No debe ser casualidad que, en estas largas semanas de pertinaz sequía, como rezaba el tópico de otra época, y en un momento histórico en que los habitantes de la península estamos empezando a acostumbrarnos a la idea de la mas próxima que lejana desertización de nuestro hábitat -sin que, por otra parte, nadie haga nada por afrontar el problema-, haya estallado una crisis municipal en un pequeño pueblo de la sierra norte de Madrid cuyo trasfondo es la gestión del agua. Rascafría es una localidad de mil setecientos habitantes ubicada en el valle de Lozoya cuyos manantiales tradicionalmente han identificado y dado fama al agua que se bebe en Madrid. El término municipal alberga el parque nacional de Peñalara y el llamado arboreto Giner de los Ríos, frente al monasterio benedictino de El Paular. Un lugar incontaminado hasta hace poco tiempo donde ha brotado uno de esos confusos episodios a los que nos ha acostumbrado la política madrileña desde el ya lejano pero inolvidable tamayazo. La historia, en este caso, es la siguiente:

En la legislatura anterior, la regidora socialista de Rascafría firmó un convenio de gestión del agua del municipio -que hasta entonces y desde siempre había estado municipalizada- con el Canal de Isabel II, la empresa de titularidad pública y gestión privada que tiene entre sus ambiciones estratégicas la gestión de todas las aguas de la comunidad y que en el reciente pasado ha sido nido  de enjuagues y corruptelas perpetrados por sus directivos políticos. La decisión de entregar la gestión del agua a una empresa externa al municipio despertó el rechazo del vecindario; se celebró un referéndum en que participó el 64% de la población y que se pronunció a favor de la remunicipalización del agua por el 72% de los votos emitidos. La consulta llevó al consistorio a rescindir unilateralmente el convenio firmado con Canal Gestión SA y la rescisión derivó en una reclamación de esta empresa que está en los tribunales y por la que exige al ayuntamiento una compensación de un millón cuatrocientos mil euros.

En los últimos comicios municipales, la candidatura emanada de la protesta vecinal a favor la gestión municipal del agua ganó las elecciones y la alcaldía (cuatro ediles de nueve), mientras la oposición se repartía entre Psoe (dos), otra candidatura vecinal de nombre pintoresco (Como Quieras Rascafría, dos) y PP (uno). Estos tres grupos se han unido ahora en una destartalada coalición de perdedores (para decirlo en un término muy usado por los prebostes de la política madrileña) para presentar, y ganar, una moción de censura que ha desbancado a la alcaldesa para sustituirla por un joven edil, quinto en la lista de la otra candidatura vecinal (tercera en las elecciones) y que ha pasado fuera de la localidad gran parte de la legislatura por razones privadas. De añadidura, los dos ediles socialistas que han apoyado la moción lo han hecho contra el mandato de la federación madrileña del partido. Los mocionantes alegan que la anterior alcaldesa desoía los mandatos del pleno, incumplía los compromisos electorales y no daba participación a los vecinos, pero el texto literal de la moción no ofrece ninguna prueba de estas alegaciones y las intervenciones de los ediles de la nueva mayoría en el pleno de la moción son una sarta de generalidades y tartamudeos frente a la impecable y razonada exposición de la alcaldesa saliente.
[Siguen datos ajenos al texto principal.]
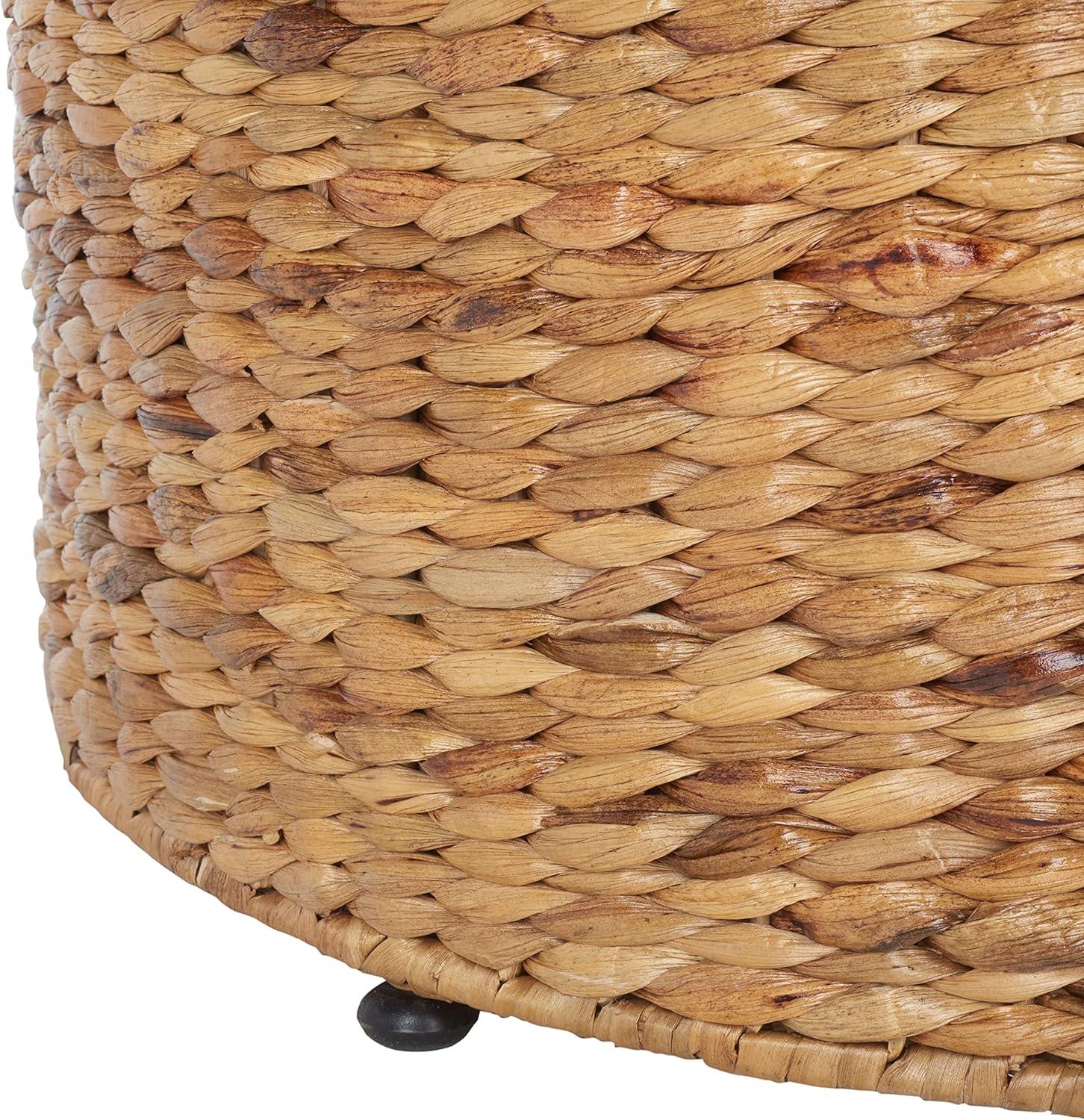 image:imageSAFAVIEH Home Collection Jesse Wicker Coffee Table Fully Assembled Natural Fiber Accent Coffee Table with Iron Legs Modern Coastal Style SEA7035A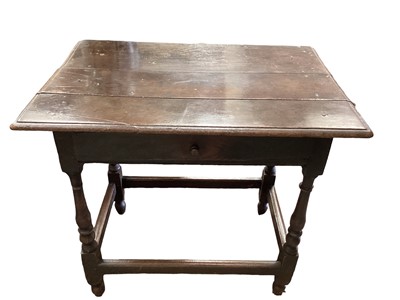 Lot 1570 - Late 17th century oak side table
¿Qué hay detrás de este golpe de estado municipal aparentemente menor? No hace falta ser especialmente avispado para colegir que es un episodio de la pugna de david contra goliat por la gestión de un bien de primera necesidad como es el agua. En numerosas localidades de la comunidad de Madrid ganaron las últimas elecciones municipales candidaturas locales que, sin duda, aspiraban a mantener su autonomía y su competencia frente a la voracidad de la capital, ocupada por una clase dirigente que había puesto en funcionamiento un sistema de expansión y de conquista de la administración de la provincia, que, so capa de racionalidad administrativa, ocultaba intereses privados que ahora emergen a la luz. No sería raro, pues, que lo ocurrido en Rascafría fuera una secuela de la cultura política implantada por doña Esperanza Aguirre y sus emprendedores adjuntos.